Can someone provide references or examples when the others would come into play? So far the books I've seen all explain in one line and a simple example WHAT these do, but give no clue as to WHEN you might find them useful.

 

I feel like the "secret" to AL programming is knowing when to leverage these instructions. Thus far, I can kind of get where I need to go by using a small set of AL instructions pieced together in what is probably a horrifically clunky and inelegant manner, and I'd like to find resources to explain/show how/when to leverage these to  create elegant AL code.

 

Edited by retrodroid
Link to comment
Share on other sites

22 minutes ago, retrodroid said:

My take on this

  • ANDI
  • CLR - reset word to zeros
  • COC
  • CZC
  • INV - Create a "masked"/selected effect for a char pattern?
  • ORI
  • SETO - Set word to "FFFF" / max value.
  • SLA - Multiply by 2 for each bit shifted, move LSB byte to the MSB position.
  • SOC
  • SRA - Divide by 2 for each bit shifted, move MSB byte to the LSB position.
  • SRC
  • SRL
  • SZC
  • XOR
  • ANDI - Bitwise and operation with an immediate value. ANDI R1,>0FFF will let you keep 12 rightmost bits in R1, clear the four leftmost
  • CLR - reset word to zero
  • COC - Bitwise or test with a value at a general address. For example, COC R1,R2 will be true (equal bit set) if there are ones in each position in R2 where there are bits set to one in R1.
  • CZC - Bitwise and not test with a value at a general address. COC R1,R2 will be true if there are zeros in each position in R2 where there are bits set to one in R1.
  • INV - Reverse all bits at operand. One to zero, zero to one.
  • ORI - Bitwise or operation with an immediate value. ORI R1,>0FFF will set all 12 rightmost bits and not change the four leftmost.
  • SETO - Set word to "FFFF" / max unsigned value (65535) or -1 in 2's complement representation of numbers.
  • SLA - Multiply by 2 for each bit shifted, move LSB byte towards the MSB position.
  • SOC - Bitwise or operation with two operands. SOC R1,R2 will set all bits in R2 that are set to one in both R1 and R2. SOCB will do 8 bits instead of 16.
  • SRA - Divide by 2 with sign for each bit shifted, move MSB byte towards the LSB position. A copy of the leftmost bit is shifted in from the left towards the right.
  • SRC - Rotate bits in word to the right. Bits coming out to the right are re-fed in to the left.
  • SRL - Divide by 2 without sign for each bit shifted towards the right.
  • SZC - Bitwise and not operation with two operands. SZC R1,R2 will clear all bits in R2 that are set to one in R1. SZCB will do 8 bits instead of 16.
  • XOR - Exclusive or. Will set bits that are different in both operands, clear those that are not.

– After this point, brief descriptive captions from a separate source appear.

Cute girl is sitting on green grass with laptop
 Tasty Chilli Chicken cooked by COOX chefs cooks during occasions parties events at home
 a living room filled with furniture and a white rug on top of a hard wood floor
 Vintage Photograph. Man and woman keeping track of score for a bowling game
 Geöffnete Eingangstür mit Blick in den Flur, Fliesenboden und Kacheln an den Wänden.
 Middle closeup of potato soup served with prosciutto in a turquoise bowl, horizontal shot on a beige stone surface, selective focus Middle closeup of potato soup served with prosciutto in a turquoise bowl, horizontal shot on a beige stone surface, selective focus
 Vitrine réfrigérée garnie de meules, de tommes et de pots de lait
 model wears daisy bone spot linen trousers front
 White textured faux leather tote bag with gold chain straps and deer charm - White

Bitwise and as well as or are for doing logical operations on 16 bits at a time. Not just "this and that", but "16 this and 16 that". ANDI, ORI, SOC, SZC and XOR belongs here.

Bitwise tests check for "this or that" 16 bits at a time. COC and CZC belongs here. CI and C (CB) instead compares the bits as a representation of numbers.

Shift instructions will move bits around. Arithmetic shifts are equivalent to multiply/divide by 2 a number of times. Logical and circular shifts more bits around for logical processing.

CLR, SETO and INV clear, set or invert bits for logical purposes.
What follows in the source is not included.